- [Records for the exercise]

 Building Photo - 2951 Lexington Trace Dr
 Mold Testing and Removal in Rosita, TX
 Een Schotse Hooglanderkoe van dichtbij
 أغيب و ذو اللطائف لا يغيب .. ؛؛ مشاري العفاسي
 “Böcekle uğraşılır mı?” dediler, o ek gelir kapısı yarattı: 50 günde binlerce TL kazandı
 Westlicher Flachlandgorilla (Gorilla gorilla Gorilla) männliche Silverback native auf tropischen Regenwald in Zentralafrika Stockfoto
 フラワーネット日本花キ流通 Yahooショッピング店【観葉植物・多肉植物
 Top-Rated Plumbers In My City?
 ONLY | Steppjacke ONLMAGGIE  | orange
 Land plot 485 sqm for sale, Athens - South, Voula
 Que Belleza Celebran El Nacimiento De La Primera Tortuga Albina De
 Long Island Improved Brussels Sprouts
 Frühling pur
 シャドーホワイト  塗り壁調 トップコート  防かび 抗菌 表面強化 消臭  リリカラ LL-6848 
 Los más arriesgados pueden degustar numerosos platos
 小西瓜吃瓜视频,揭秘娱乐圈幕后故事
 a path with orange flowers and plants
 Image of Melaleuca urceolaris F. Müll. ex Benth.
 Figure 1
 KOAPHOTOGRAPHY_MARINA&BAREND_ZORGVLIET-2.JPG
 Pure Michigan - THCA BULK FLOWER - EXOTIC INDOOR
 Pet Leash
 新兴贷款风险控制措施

- [What to work on]
Using the records above, report the number of lines that include the string "orange", with nothing added.

- [Output below]
2